On September 19, a detachment of soldiers sent by the United States took over the station. They stayed for three days. No one revealed themselves. Not a single shot was fired, not even in the air . And they withdrew. But the poison was already within the territory. In 1857, Panama agreed to compensate the United States and delivered $412,394 in gold for the victims. The Yankee authorities didn't distribute their share to those affected until 1865. It's just not a good way to understand it.
But all this had been brewing before, as often happens when you dig into the reasons for the world's stupidest wars. In 1846, both sides had signed the Mallarino-Bidlack Treaty . The first paragraph of Article 35 read as follows: "Citizens, vessels, and merchandise of the United States shall enjoy in the ports of New Granada, including those of the Isthmus of Panama, all the franchises, privileges, and immunities in respect of commerce and navigation now enjoyed by citizens of New Granada." Yet another beautiful precedent for Trump's tariff policy.
Resentment grew in the years following the signing of the treaty, so when Mark Oliver approached the watermelon stand with that sway that drunks have when they walk, things were well on their way to leaping with perfect agility through the air. The watermelon is, by nature, a festive fruit, a sweet and refreshing dead weight with a severe green exterior. Sometimes, as happens with some things in life, you don't quite know where to put it so it doesn't start rolling on the table. In some groups of friends who go on excursions, it's customary to go to the mountains or the beach with one of these specimens, and there's always someone who has to carry the watermelon.
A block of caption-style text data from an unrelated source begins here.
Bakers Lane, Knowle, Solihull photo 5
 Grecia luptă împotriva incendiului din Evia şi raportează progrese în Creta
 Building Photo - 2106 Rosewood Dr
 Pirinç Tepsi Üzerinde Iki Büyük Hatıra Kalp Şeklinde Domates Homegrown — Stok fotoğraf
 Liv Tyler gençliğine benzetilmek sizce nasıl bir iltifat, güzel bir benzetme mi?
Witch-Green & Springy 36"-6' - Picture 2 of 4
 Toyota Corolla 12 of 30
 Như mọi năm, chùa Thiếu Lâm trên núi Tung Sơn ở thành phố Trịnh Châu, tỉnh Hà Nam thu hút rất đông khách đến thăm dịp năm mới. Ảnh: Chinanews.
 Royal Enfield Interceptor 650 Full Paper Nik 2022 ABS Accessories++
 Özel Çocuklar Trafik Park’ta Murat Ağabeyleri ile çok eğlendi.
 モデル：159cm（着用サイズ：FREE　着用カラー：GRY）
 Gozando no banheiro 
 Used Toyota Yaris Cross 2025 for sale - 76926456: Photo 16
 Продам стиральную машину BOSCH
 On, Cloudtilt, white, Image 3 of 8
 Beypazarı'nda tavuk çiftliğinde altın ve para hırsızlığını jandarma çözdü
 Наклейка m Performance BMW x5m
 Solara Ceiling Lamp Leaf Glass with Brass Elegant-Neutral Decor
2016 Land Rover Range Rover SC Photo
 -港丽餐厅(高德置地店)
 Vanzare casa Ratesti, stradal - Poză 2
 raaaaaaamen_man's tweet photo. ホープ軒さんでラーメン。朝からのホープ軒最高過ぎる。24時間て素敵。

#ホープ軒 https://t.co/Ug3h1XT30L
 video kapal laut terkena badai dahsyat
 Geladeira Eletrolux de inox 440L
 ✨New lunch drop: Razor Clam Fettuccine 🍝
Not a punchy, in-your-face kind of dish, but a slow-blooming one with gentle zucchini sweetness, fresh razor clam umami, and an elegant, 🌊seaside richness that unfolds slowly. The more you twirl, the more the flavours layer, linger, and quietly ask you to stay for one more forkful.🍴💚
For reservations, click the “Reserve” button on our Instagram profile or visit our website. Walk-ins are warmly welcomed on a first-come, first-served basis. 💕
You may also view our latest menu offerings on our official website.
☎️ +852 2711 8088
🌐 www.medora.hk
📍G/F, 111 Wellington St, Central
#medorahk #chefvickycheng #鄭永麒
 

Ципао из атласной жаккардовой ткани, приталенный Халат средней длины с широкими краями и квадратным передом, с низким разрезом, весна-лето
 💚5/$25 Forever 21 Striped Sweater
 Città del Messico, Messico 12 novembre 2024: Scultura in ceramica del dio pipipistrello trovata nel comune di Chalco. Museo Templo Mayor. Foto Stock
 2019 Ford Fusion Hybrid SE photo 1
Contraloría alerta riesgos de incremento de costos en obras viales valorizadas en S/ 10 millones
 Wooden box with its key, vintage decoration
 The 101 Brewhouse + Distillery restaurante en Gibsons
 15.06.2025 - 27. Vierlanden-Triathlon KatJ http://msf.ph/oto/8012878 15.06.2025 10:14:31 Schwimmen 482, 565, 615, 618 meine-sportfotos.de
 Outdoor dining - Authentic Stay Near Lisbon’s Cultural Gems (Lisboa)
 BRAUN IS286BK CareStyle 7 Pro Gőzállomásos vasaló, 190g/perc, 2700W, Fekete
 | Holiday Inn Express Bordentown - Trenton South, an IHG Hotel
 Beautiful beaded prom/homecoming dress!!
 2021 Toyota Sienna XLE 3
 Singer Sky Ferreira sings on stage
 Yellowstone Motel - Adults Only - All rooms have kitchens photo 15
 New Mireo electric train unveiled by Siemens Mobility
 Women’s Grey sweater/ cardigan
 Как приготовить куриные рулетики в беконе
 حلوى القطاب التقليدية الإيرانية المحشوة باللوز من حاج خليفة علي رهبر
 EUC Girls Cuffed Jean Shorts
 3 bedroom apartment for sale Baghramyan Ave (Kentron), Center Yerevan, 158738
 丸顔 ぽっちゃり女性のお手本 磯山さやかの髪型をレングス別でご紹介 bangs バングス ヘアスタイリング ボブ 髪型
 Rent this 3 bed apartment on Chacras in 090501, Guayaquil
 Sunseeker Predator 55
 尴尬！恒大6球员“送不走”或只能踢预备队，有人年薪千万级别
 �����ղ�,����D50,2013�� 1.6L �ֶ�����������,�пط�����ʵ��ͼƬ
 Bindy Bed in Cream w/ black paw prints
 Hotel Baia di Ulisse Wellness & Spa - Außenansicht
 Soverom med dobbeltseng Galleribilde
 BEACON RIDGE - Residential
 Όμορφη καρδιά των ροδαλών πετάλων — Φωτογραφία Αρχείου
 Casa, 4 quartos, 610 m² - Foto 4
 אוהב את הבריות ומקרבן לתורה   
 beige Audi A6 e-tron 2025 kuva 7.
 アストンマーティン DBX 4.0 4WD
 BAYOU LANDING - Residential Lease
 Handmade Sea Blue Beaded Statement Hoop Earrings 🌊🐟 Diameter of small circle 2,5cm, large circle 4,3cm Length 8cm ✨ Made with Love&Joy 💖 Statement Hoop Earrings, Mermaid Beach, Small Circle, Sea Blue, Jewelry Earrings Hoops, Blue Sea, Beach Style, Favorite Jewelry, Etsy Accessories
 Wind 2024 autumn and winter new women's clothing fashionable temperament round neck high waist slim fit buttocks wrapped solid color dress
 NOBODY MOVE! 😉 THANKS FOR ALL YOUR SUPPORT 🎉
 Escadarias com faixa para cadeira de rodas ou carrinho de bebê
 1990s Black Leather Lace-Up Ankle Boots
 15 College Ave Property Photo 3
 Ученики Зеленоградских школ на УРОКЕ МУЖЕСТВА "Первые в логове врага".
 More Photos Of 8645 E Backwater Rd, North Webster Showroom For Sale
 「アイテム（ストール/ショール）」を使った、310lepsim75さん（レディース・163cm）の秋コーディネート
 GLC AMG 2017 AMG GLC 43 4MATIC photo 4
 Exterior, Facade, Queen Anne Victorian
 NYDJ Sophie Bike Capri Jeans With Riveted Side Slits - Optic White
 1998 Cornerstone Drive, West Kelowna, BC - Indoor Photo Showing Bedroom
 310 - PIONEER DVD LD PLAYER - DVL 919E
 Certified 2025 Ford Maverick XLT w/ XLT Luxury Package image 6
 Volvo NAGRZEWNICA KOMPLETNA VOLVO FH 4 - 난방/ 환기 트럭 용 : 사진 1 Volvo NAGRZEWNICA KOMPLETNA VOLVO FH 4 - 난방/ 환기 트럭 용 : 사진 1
While choosing the best place for lunch, he keeps it in his arms. Sometimes it's resting on his stomach, and when he can't take it anymore, he slides it up towards his collarbones to bring it back down. Until it splits in two, the watermelon hits the ground, crushing your arms, and no one takes home what's left . In Panama, that humble shopkeeper had reached the limits of his patience after years of loading and unloading large pieces to display at his street stall. How could someone so seriously tired of his miserable existence not start such a silly war? Little did he know what could have happened.
It only took one slice, a suspicious and drunken American, a weary people, a few righteous machetes, and a superb revolver. In the ranking of wartime absurdities, this one deserves a place of honor for its tropical nature. Come to think of it, in all the wars in history, the victory of either side in conflict is only half a watermelon. The other half is what has always been called the losers. That's how the world is divided. A slice of this fruit contains everything one should know about life. What a simple barbarity.